# [WORK TO COMPLETE]
Return only these lines: the one that contains "LCM of 25 and 36 by Division Method" and every line after it through the end of the listing, exactly, without pictures.
---------------
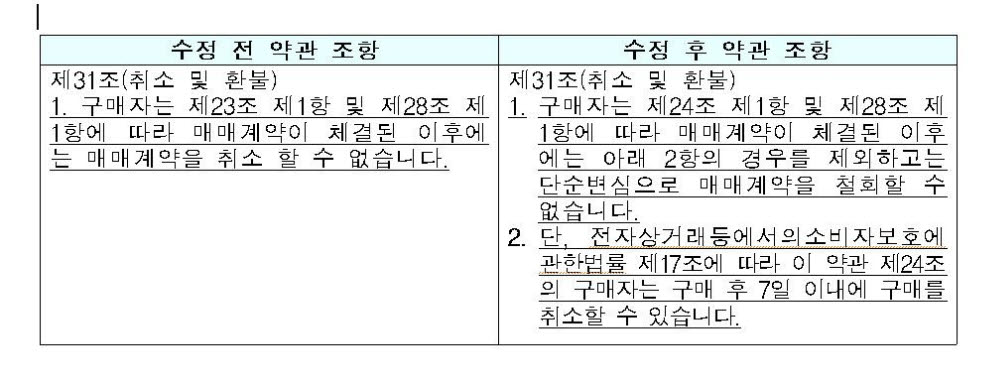 티켓익스피리언스 약관[표=공정거래위원회]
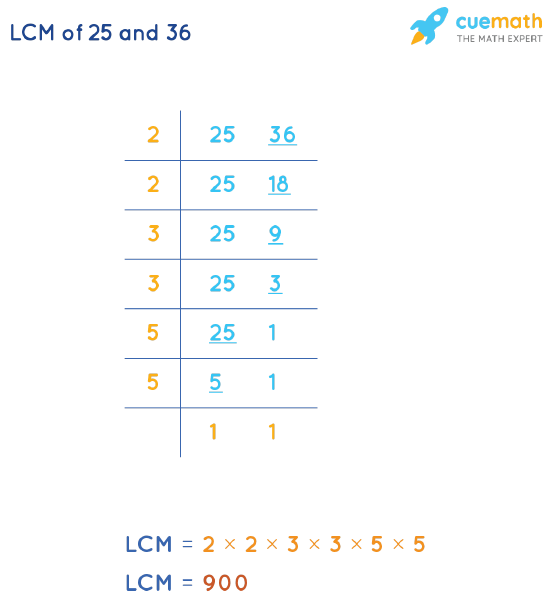 LCM of 25 and 36 by Division Method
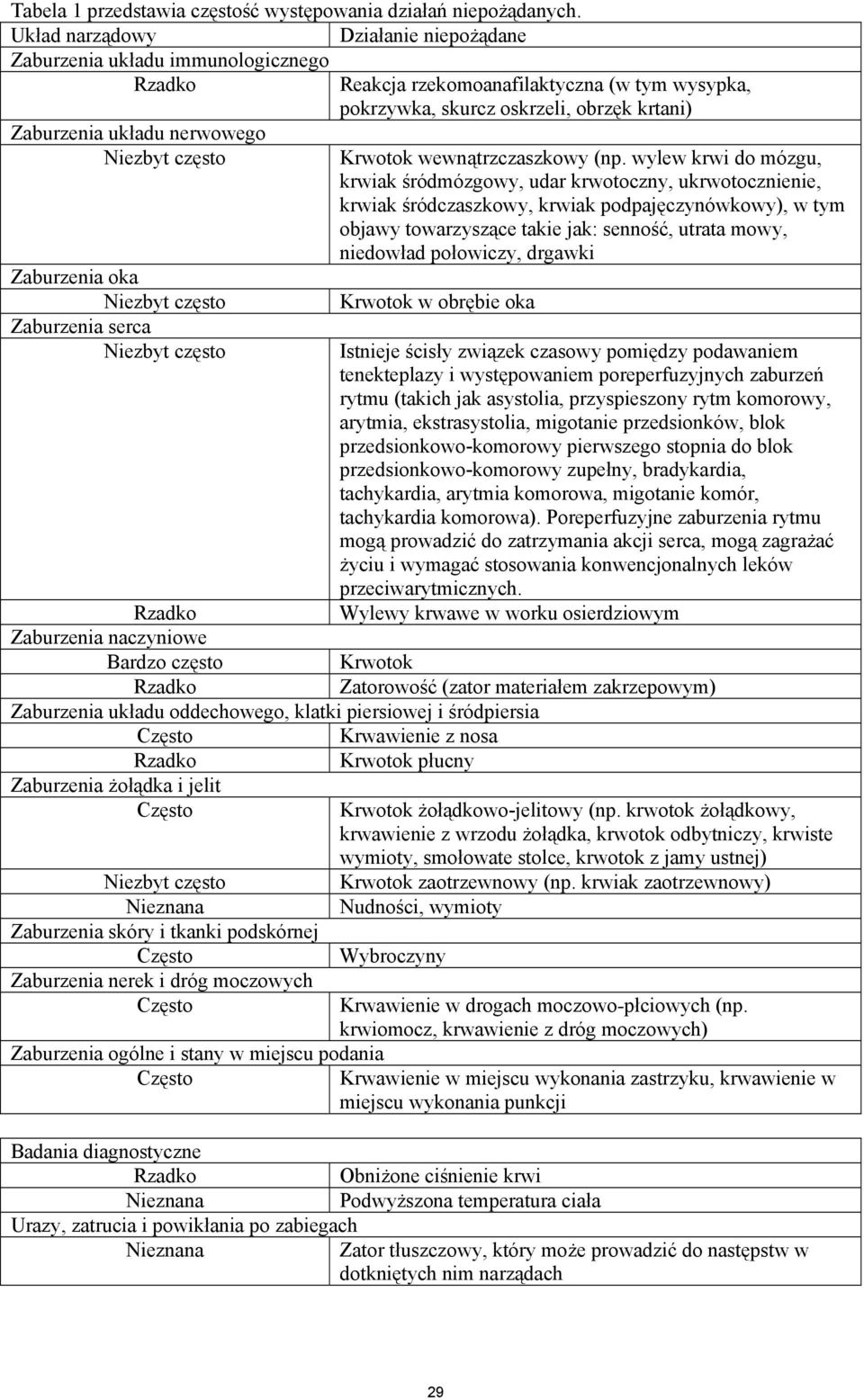 rzekomoanafilaktyczna (w tym wysypka, pokrzywka, skurcz oskrzeli, obrzęk krtani) Krwotok wewnątrzczaszkowy (np.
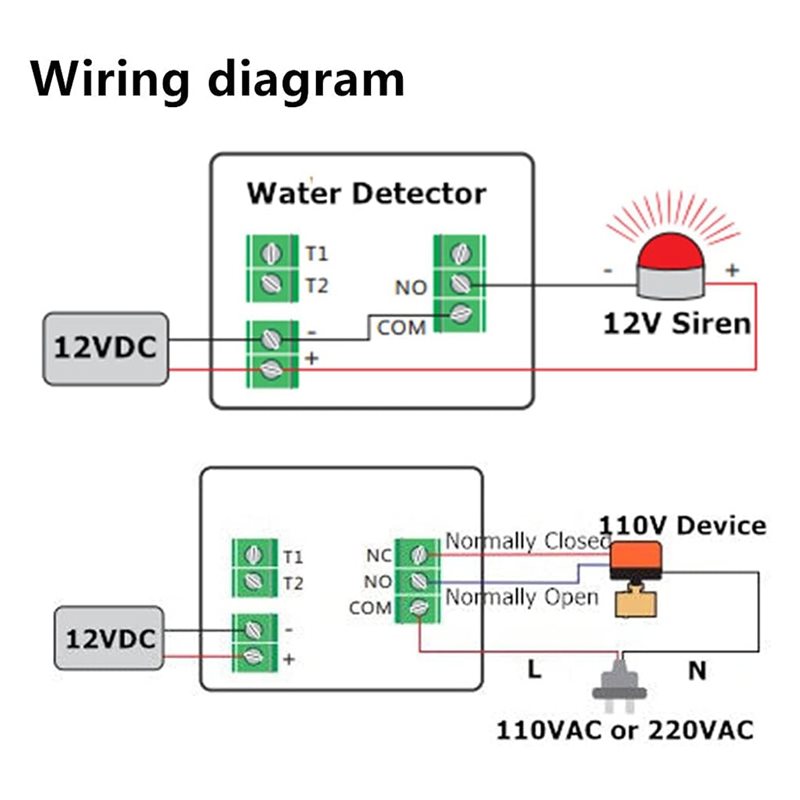 AS95-12V DC 유선 누수 감지기 누수 경보 모듈 - Water Leak Detector Wired 리뷰 및 가격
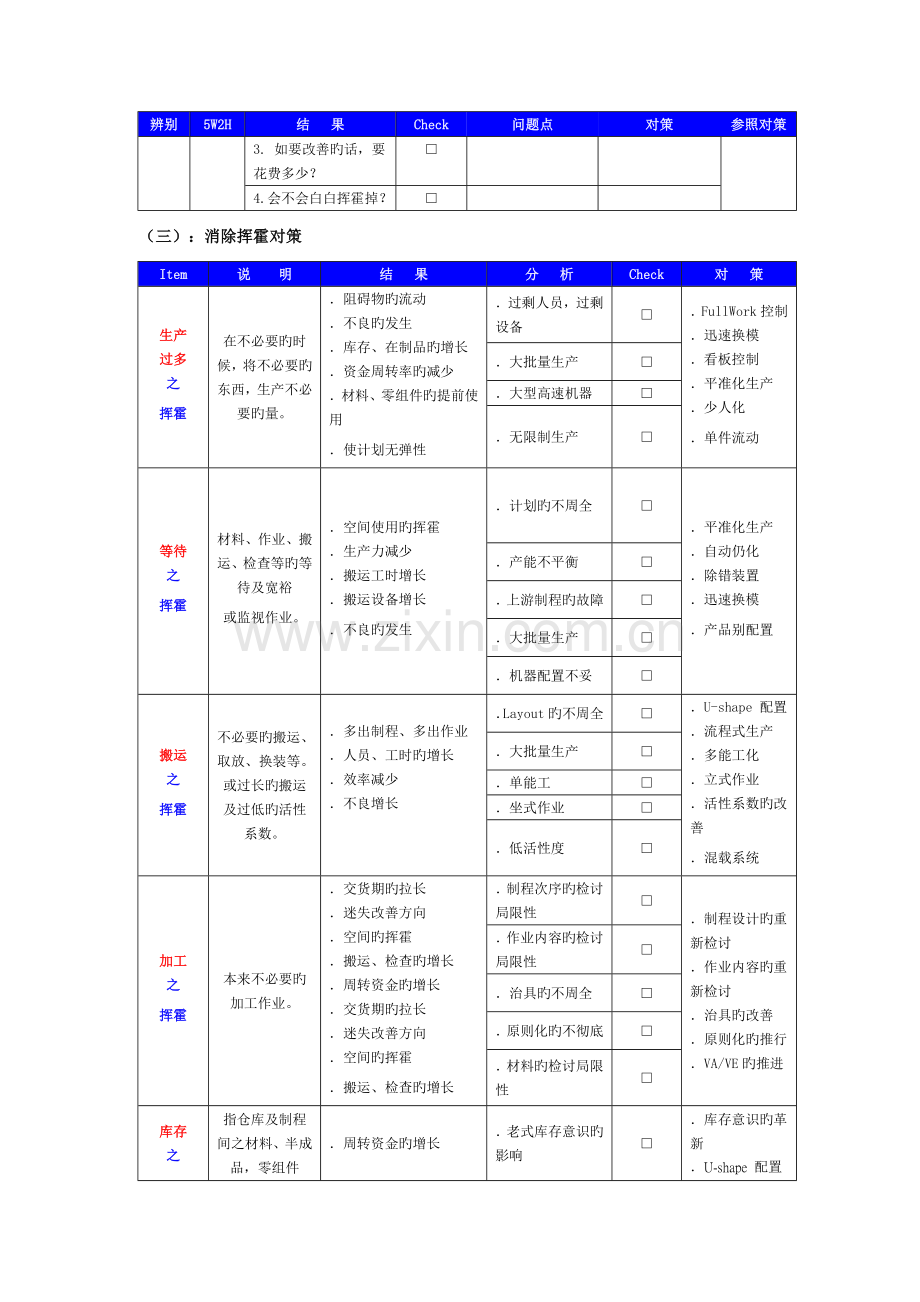 生产全流程分析与改进CHECKLIST.doc_第3页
---------------
# [TASK OUTPUT]
 LCM of 25 and 36 by Division Method
 rzekomoanafilaktyczna (w tym wysypka, pokrzywka, skurcz oskrzeli, obrzęk krtani) Krwotok wewnątrzczaszkowy (np.
 AS95-12V DC 유선 누수 감지기 누수 경보 모듈 - Water Leak Detector Wired 리뷰 및 가격
 生产全流程分析与改进CHECKLIST.doc_第3页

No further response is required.